Data:
++++++++++++++++++++

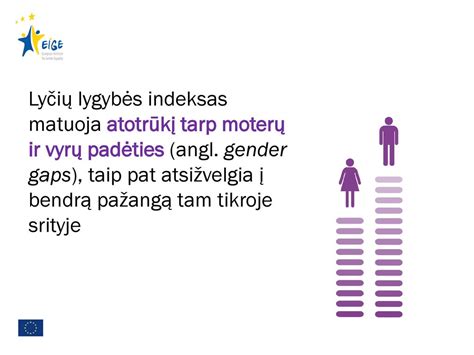 Infografika, lyginanti vyrų ir moterų reakciją į kritiką vairuojant.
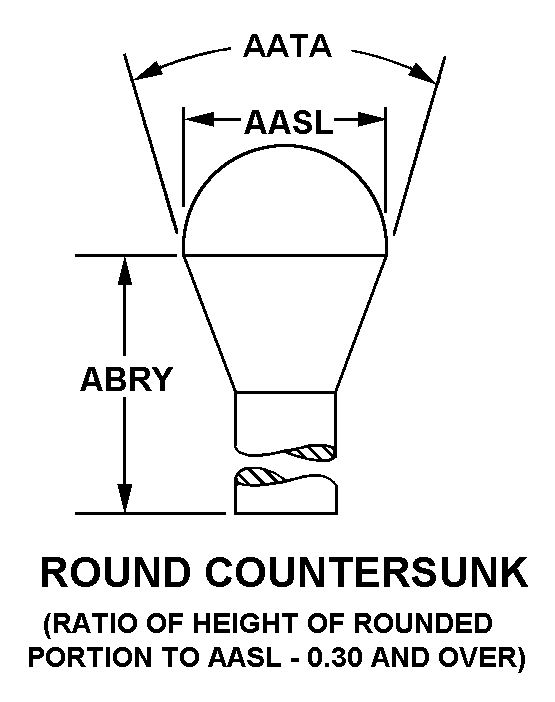 ROUND COUNTERSUNK style nsn 6515-01-246-4137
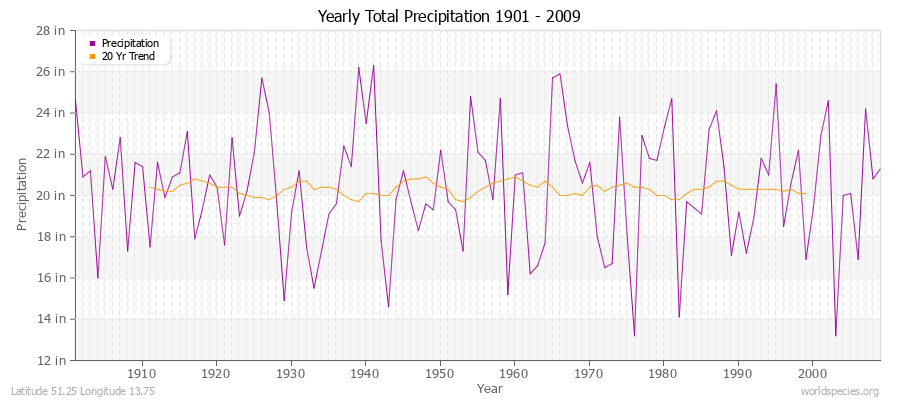 Yearly Total Precipitation 1901 - 2009 (English) Latitude 51.25 Longitude 13.75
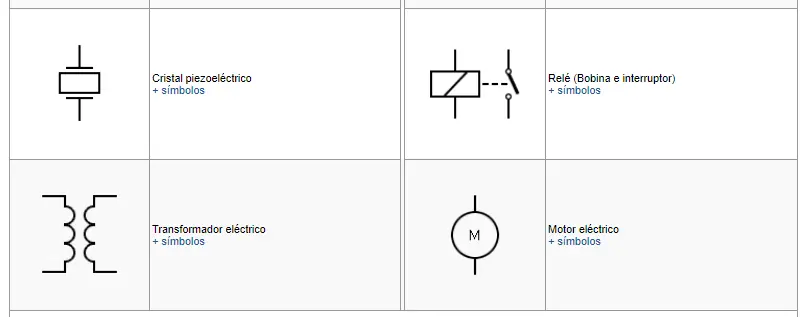 electronica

++++++++++++++++++++

Exercise instructions:
Write out the lines of the listing from the one that holds "ROUND COUNTERSUNK style nsn 6515-01-246-4137" to the very last line, both included, exactly as they appear and without any pictures.

Response:
 ROUND COUNTERSUNK style nsn 6515-01-246-4137
 Yearly Total Precipitation 1901 - 2009 (English) Latitude 51.25 Longitude 13.75
 electronica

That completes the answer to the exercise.